Friday, January 31, 2020

Paleontology Girls!

I’m ending the month with a celebration of women in paleontology. The themes for today: fossils, women scientists, biographies

Fossil Huntress: Mary Leakey, Paleontologist
By Andi Diehn; illus. by Katie Mazeika
32 pages; ages 5-8
Nomad Press, 2019

When Mary Leakey was a little girl, she and her father liked to learn about the past.

Mary didn’t go to school like other kids. Instead, she read lots of books about things that interested her. Like fossils. She was passionate about fossils and became good at drawing them. When she grew older, she went to Africa and looked for fossils. She uncovered a skull that was about 16 million years old, and years later discovered fossilized footprints.

What I like about this book: It’s fun to read, and I like how curiosity drives Mary to study fossils and footprints. I also like that author, Andi Diehn explains what paleontologists do when they find fossils. They describe where they found it – landscape and features – and then measure and draw the fossils. And there is back matter! An activity, some quotes and connections to the text, a timeline, and a glossary. Plus, it’s part of a series that introduces women in science to young children.

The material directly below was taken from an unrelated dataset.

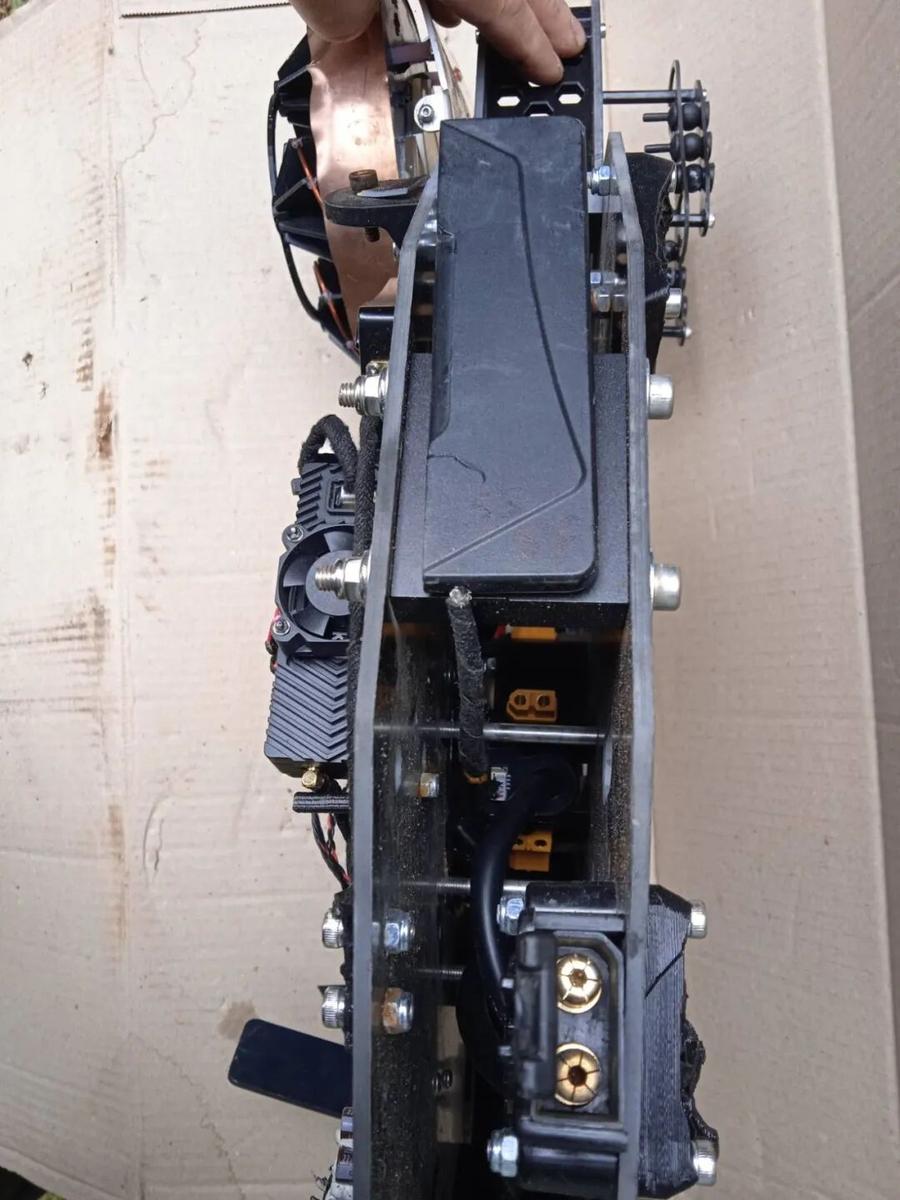 Vampire drone CRPA antenna 15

Gutsy Girls Go for Science: Paleontologists: With Stem Projects for Kids
By Karen Bush Gibson; illus by Hui Li
112 pages; ages 8-12
Nomad Press, 2019

Life on earth began about 3.7 billion years ago – not that anyone was there to document it. So how do we know about prehistoric life?

Paleontologists. They’re the scientists who study fossils, from ferns to trilobites, dinosaurs to ancient humans. In this books we meet twelve-year-old Mary Anning who, in 1811, found a dinosaur in the cliffs near her home. We meet Mignon Talbot who studied crinoids – and I’m glad she did because our garden is filled with fossilized crinoid stems. She is also the first American woman to discover – and name – a dinosaur. Other paleontologists featured are Tilly Edinger, Zofia Kielan-Jaworowska, and Mary Leakey.

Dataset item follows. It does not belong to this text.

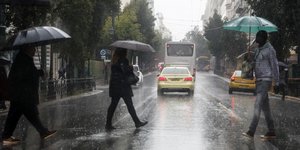 Πεζοί στη βροχή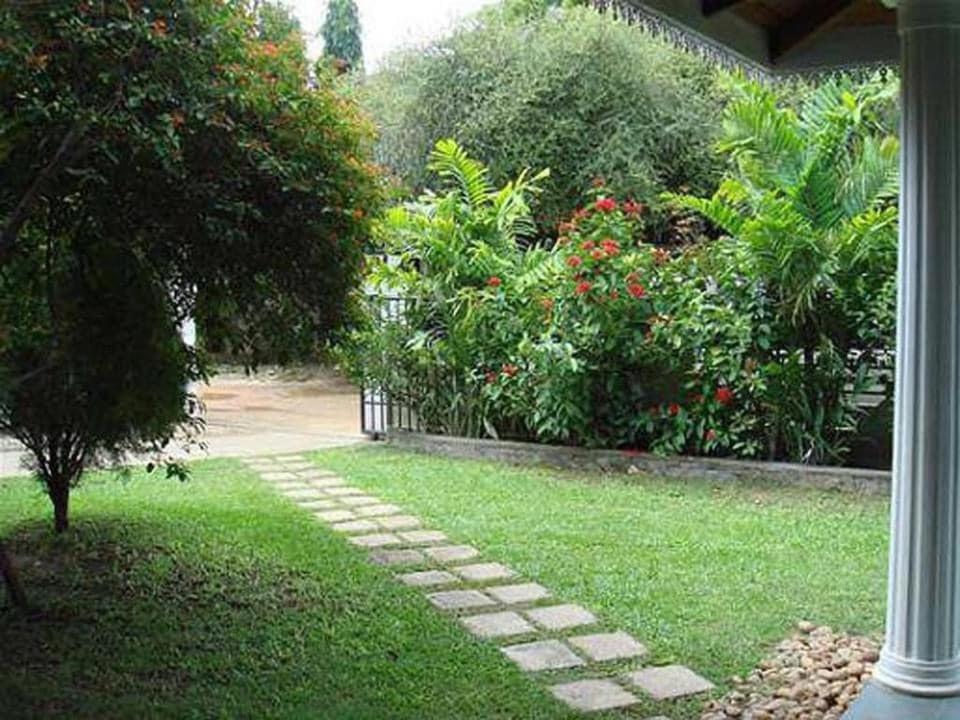 Hotel Sunflower Kataragama Exteriér fotografie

What I like: Before we head off to join the paleontologists, there’s a “field kit checklist” to remind us to take out safety glasses along with the rock hammer. There are plenty of text-boxes, along with short bios of other paleontologists not featured and hands-on “field assignments” at the end of each chapter.

You can read an interview with author Karen Bush Gibson that was posted earlier this week over at STEM Tuesday.

Beyond the Books:

Draw a fossil – or a shell, leaf, bone, or even a plastic dinosaur. Just like a paleontologist, your goal is to observe your find and capture its shape, colors, and textures on paper. Make sure to write down the date, and jot any notes and labels like a real paleontologist would do.

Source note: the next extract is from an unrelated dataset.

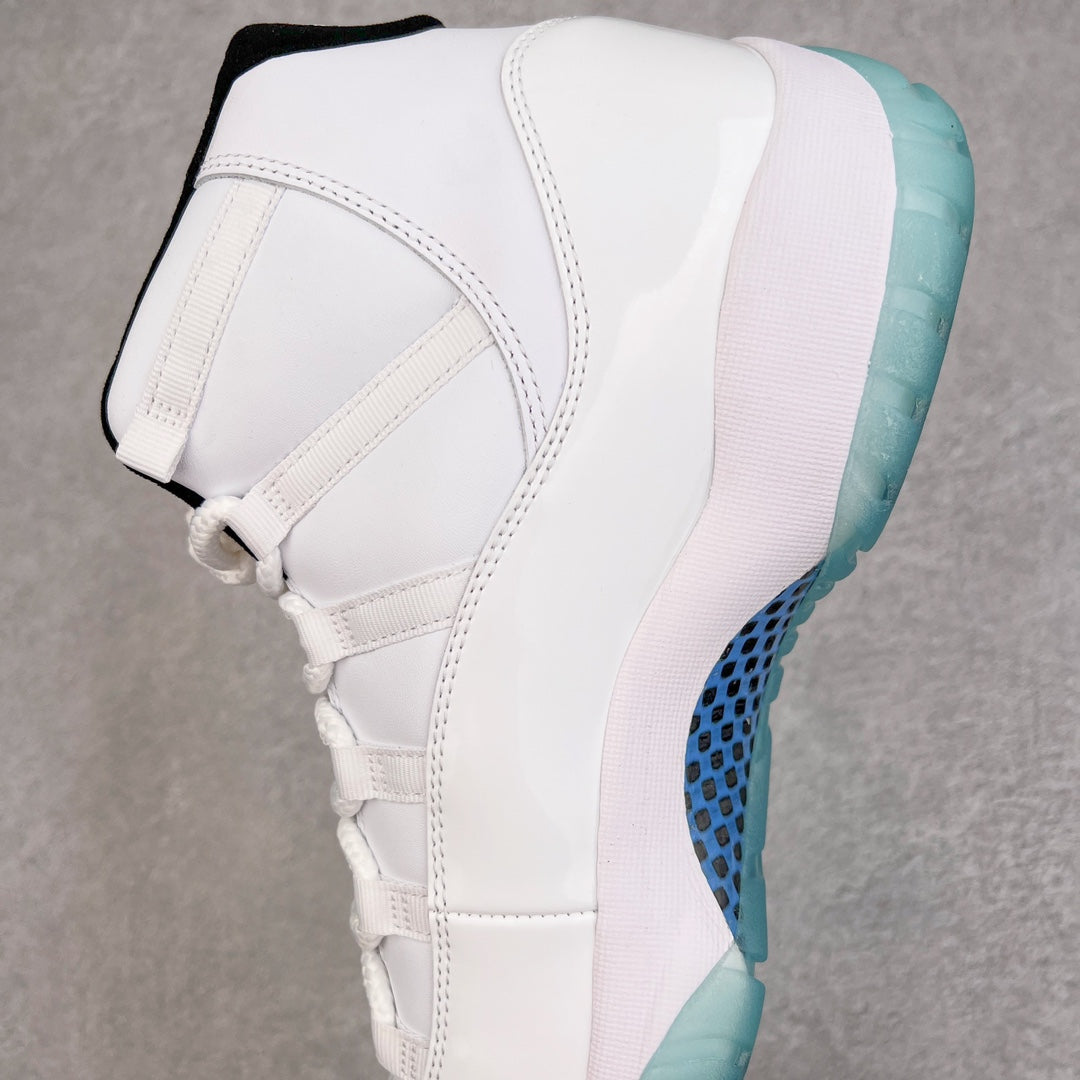 Air Jordan 11 Retro Legend Blue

Make your own fossils out of salt dough. Use shells, plastic dinosaurs, or even leaves to make impressions. Once baked to hardness, paint and … voila! Your very own fossil museum. Instructions here and here.

Or if you’d rather, whip up a batch of cookie dough – you know, the kind you roll and cut into shapes – and press some “fossil imprints” into them.  Or make some fossil jewelry. Here’s directions for that.

If you were a dinosaur, what would your Dinosaur Name be? Find some dino books and choose your favorite names. Stuck? Then check out this cheat sheet from the Horniman Museum

Get digging! Head out into the field alongside paleontology experts, or find fossil camps for kids here.

Today we're joining Perfect Picture Book Friday, an event where bloggers share great picture books at Susanna Leonard Hill's website. And you can check out more books on paleontology over at the STEM Tuesday blog – where this month’s theme was Dinosaurs. There’s a book list and more. Review copies provided by the publisher.

2 comments:

McMarshall said...

Sue, what a great review. I love these two books together. Perfect tie in to STEMTuesday's Dinosaur month!

Jilanne Hoffmann said...

Nice pairing! I wish that books like these had been around when I was a girl. I didn't even know what a paleontologist was until I had one as a TA for an earth science class in college.